_WHAT YOU SHOULD DO_
Include the line containing "En Venta Casa" and every line after it up to the end of the material below; reproduce them exactly and drop the pictures.

_SOURCE MATERIAL_

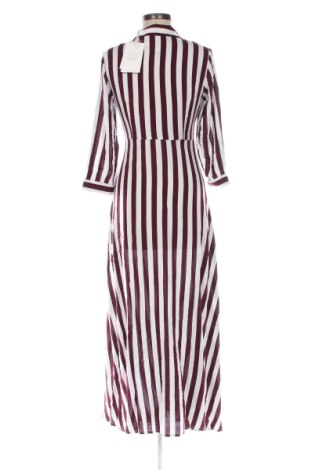 Kleid Y.A.S, Größe XS, Farbe Mehrfarbig, Preis 57,83 €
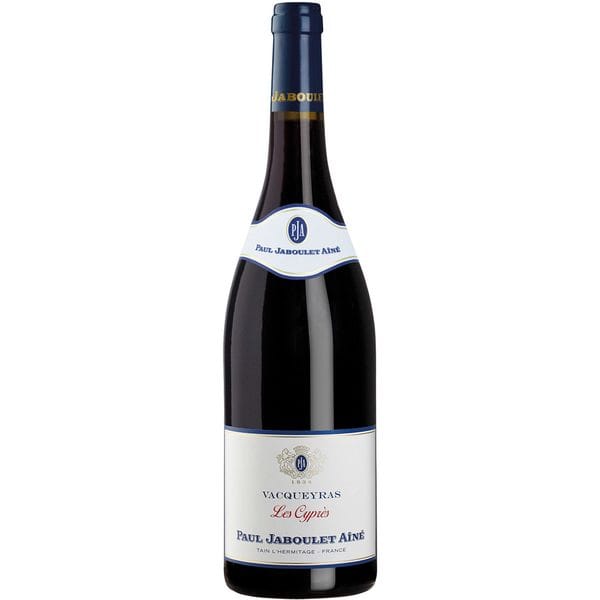 Vacqueyras Cypres Jab - 75cl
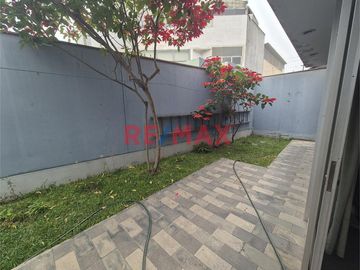 En Venta Casa En Jr. Tintoretto San Borja 276 M2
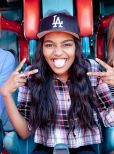 China Anne McClain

_ANSWER SPACE_
 En Venta Casa En Jr. Tintoretto San Borja 276 M2
 China Anne McClain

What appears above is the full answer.